A próxima etapa da seleção ocorrerá nos dias 18, 19 e 20 de outubro de 2019 e, para o pai, representa uma mudança de vida. "Com certeza pra ela vai ser um divisor de águas e na nossa família também. Ela é a minha filha mais velha. É minha companhia indispensável. Não consigo me imaginar longe dela. Por um lado é uma alegria e realização pra mim e pra ela também. Existe uma preocupação de mudança de vida porque lá é outro estado, outra realidade, mas quero dizer que vale a pena, sim, enfrentar os riscos. Vou fazer o possível pra realizar isso pra ela porque sei que ela vai bater essas asinhas e voar muito alto", comenta.

Com uma timidez característica das crianças, os olhos da pequena Kézia brilham ao falar da sua maior paixão: o balé. "Eu espero que dê tudo certo porque pra mim é um grande sonho ser uma bailarina um dia", comenta, sorrindo. Durante a intensidade das seleções locais, a bailarina, mesmo nervosa, conseguiu dar o melhor de si. "Na hora bateu um pouquinho de nervoso mas depois passou. Eu tava passeando com a minha tia e quando o pai me ligou avisando, eu fiquei muito feliz", relembra a menina.

PROJETO

A professora Elaine Brandão explica que o Projeto Meia Ponta-Ponta já existe há dez anos e, pelo menos há três deles, é realizado na paróquia. Neste ano, a inscrição de Kézia na seletivas do Bolshoi foi como um "teste". "Quando participamos do Dança Pará, fomos muito assediadas por conta das meninas por outras escolas. Aí aquilo foi despertando na gente um interesse. Acabou que deu certo de uma passar mas a gente resolveu fazer um teste pra ver como funciona, mas temos outras meninas com muito potencial também", conta. "Pra ela que é de baixa renda, o Bolshoi é muito bom porque ela não vai pagar nada. São oito anos de formação e ela já sai profissional. Se quiser, pode ir pra outro país, conseguir uma bolsa... Tudo vai depender do empenho dela", ressalta. 
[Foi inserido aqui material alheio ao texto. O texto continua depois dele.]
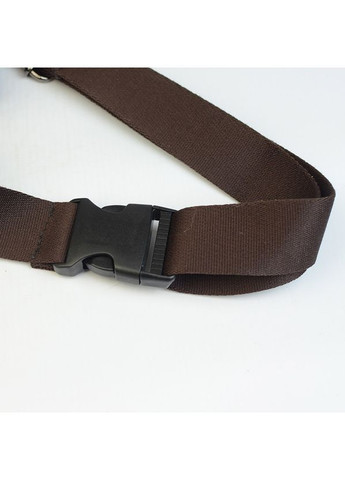 Сумка бананка шкіряна нагрудна молодіжна темно-коричнева через плече No Brand (372125449)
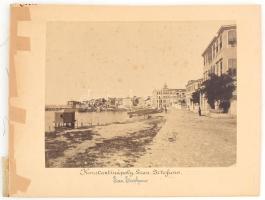 cca 1890 Konstantinápoly panorámája a Galatai toronyból. Magyar utazó által készített nagy méretű pa...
Atualmente, a iniciativa atende 70 meninas carentes, com idade entre quatro e 16 anos de idade e as inscrições ficam abertas durante todo o ano. "Quem quiser, é só chegar na sala do balé e solicitar a inscrição. As aulas funcionam às segundas e quartas, às 17 horas. Há apenas uma taxa de ajuda de R$30. São quatro turmas e a gente vai dividindo conforme o grau de dificuldade", detalha. "Fiz um projeto e a igreja abraçou a ideia. Pedi uma sala pra dar aula e consegui. Já tinha os espelhos e fui estruturando com as barras e outras coisas. A gente cobra esse valor só pra manter o espaço. A igreja entra com ajuda em figurino, transporte, ajuda muito", acrescenta.

"Assim como a Kézia conseguiu, outras crianças podem também"
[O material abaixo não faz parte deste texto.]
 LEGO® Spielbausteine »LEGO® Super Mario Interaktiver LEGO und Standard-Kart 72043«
Mesmo com dificuldades financeiras enfrentadas pelas famílias das alunas, a professora pontua o empenho dos familiares em fazer com que as meninas tenha uma oportunidade diferente por meio da dança. "A gente vê como é grande a dificuldade, mas elas vêm. As mãezinhas se esforçam pra trazer. A gente vai vendo isso e vai criando amor, vai criando uma família, então a gente se esforça pra manter esse projeto", conclui.  
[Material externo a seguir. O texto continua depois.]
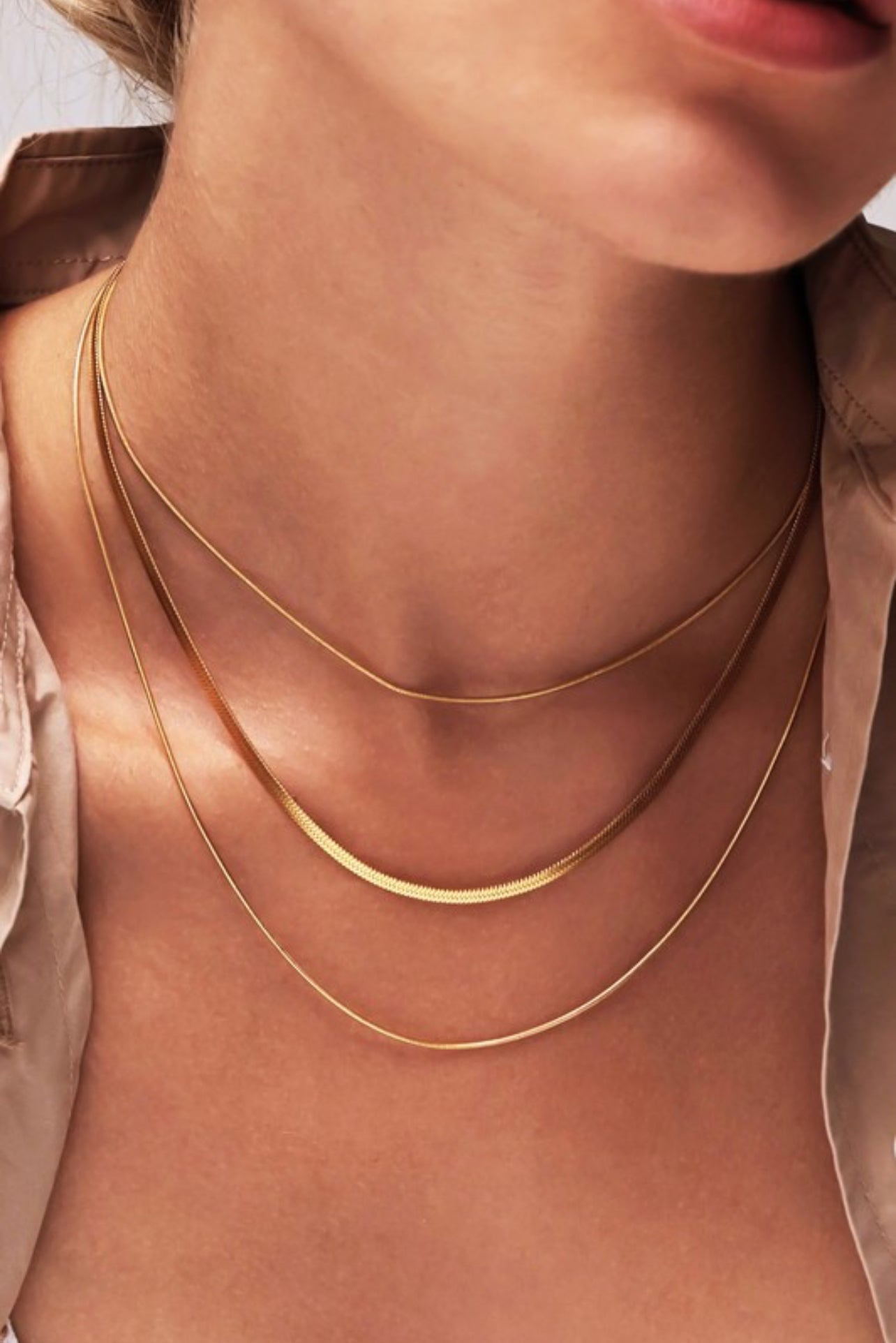 Elzbeth Non-Tarnishing Layered Necklace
Coordenadora da Pastoral do Menor em Belém, Irna Pantoja destaca a importância social de projetos de resgate de crianças em locais de vulnerabilidade, como os bairros do Barreiro e do Telégrafo, por exemplo. "O balé não é uma fuga, é a transformação da vida dos nossos meninos porque enquanto eles estão nas atividades, seja balé, esporte, cultura de modo geral, isso garante que eles estão fora da violência. Eles não correm risco. E acaba que é bom não só para a questão física, mas como para a educação", defende.

"O projeto oportuniza sonhos altos e eles vão voar bastante"

Além disso, promover aulas de modalidades restritas à nichos sociais elitizados, também é uma forma de proporcionar uma reinserção dos pequenos, avalia ainda Irna. "O projeto vem garantir o direito que essas crianças tenham à cultura, ao lazer e em especial, claro, ao balé que a gente sabe que ainda é uma dança que é pras pessoas que tem um recurso a mais, é algo elitizado ainda", pontua.